Todos estos acontecimientos ocurrieron cuando Francia estaba moral, política y económicamente devastada tras la severa derrota frente a la Prusia bismarckiana en la guerra de 1870-1871 y también por el consiguiente episodio revolucionario, conocido como la Comuna de París, que a punto estuvo de sumir a Francia en otra sangrienta guerra. Este era el escenario cuando dos influyentes personalidades católicas, el empresario Alexandre Legentil y su cuñado, el pintor Hubert Rouhault de Fleury, abanderaron la campaña para la edificación de un santuario dedicado al Sagrado Corazón, en cumplimiento del deseo que Él formuló a santa Margarita María Alacoque en 1689. En lo tocante a la colina de Montmartre –monte de los Mártires, según algunos investigadores–, como lugar para erigir la basílica, el entonces cardenal arzobispo de París, monseñor Joseph Hyppolite Guibert no albergó duda alguna: «¡Es aquí donde están los mártires, aquí debe reinar el Sagrado Corazón!».
Por mártires se refería a san Dionisio y a sus compañeros san Eleuterio y san Rústico, que llegaron a las Galias a mediados del siglo III para consolidar su evangelización, y que se saldó con la muerte de los tres en la colina. Dos siglos más tarde, hacia el año 475, la que es hoy patrona de París, santa Genoveva, hizo construir una Iglesia en aquel lugar para perpetuar su memoria. Desde ese momento, la colina de Montmartre siempre ha sido un lugar de culto que ha tenido sus altibajos al ritmo de la atribulada historia francesa. Sirva de ejemplo que el convento de las benedictinas, después de varios siglos de presencia, fue pillado durante los años de odio religioso propugnados por la Revolución francesa y que su última abadesa, sor Marie-Louise de Montmorency-Laval, padeció el horror del cadalso en julio de 1794. Como recuerda la web de la basílica, «su sangre sirvió para que 80 años después resurgiese, de forma milagrosa, la vida religiosa sobre esta colina sagrada».

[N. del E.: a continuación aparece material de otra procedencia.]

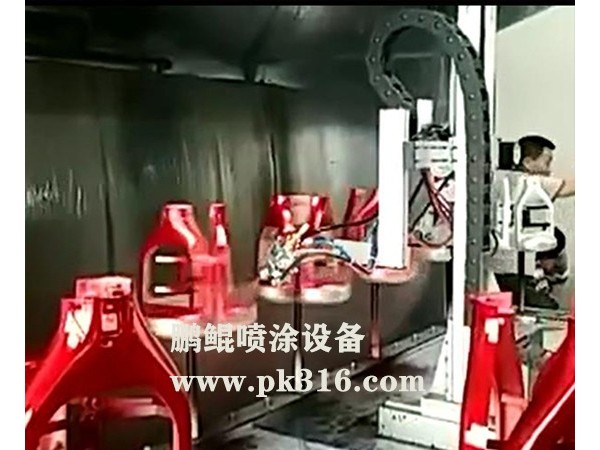 溜溜車自動噴涂設(shè)備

La primera señal de este renacimiento tuvo lugar cuando, tras un concurso público que ganó el arquitecto Paul Abadie, se puso la primera piedra. Y desde el 1 de agosto de 1885, es decir 34 años antes de su inauguración oficial, dieron comienzo las adoraciones nocturnas y diurnas que no se han interrumpido ni un minuto desde entonces, incluso durante los bombardeos de abril de 1844.
La inauguración oficial de la basílica, el 20 de octubre de 1919, se produjo en un ambiente más alegre que el que imperó medio siglo antes cuando se votó el proyecto: Francia formaba parte del bando vencedor de la Primera Guerra Mundial, y la reconciliación del Estado con la Iglesia estaba en marcha. De ahí que la ceremonia fuera un episodio de orgullo nacional y que la basílica se librase de las garras de una laïcité à la française que estaba en su apogeo. Desde entonces la basílica, con su cúpula neobizantina proyectada sobre el cielo de París, cumple con la función asignada: servir, junto a Notre-Dame, de pulmón espiritual de la capital. Por voluntad del entonces cardenal arzobispo Jean-Marie Lustiger –que celebraba el vía crucis del Viernes Santo subiendo los miles de peldaños–, las benedictinas volvieron a asumir, en 1995, la administración de la basílica, asistidas por una residencia de Casa Anuncio, la Compañía de Lavadores de Pies y la Casa Efraín. El Sagrado Corazón sigue reinando sobre París.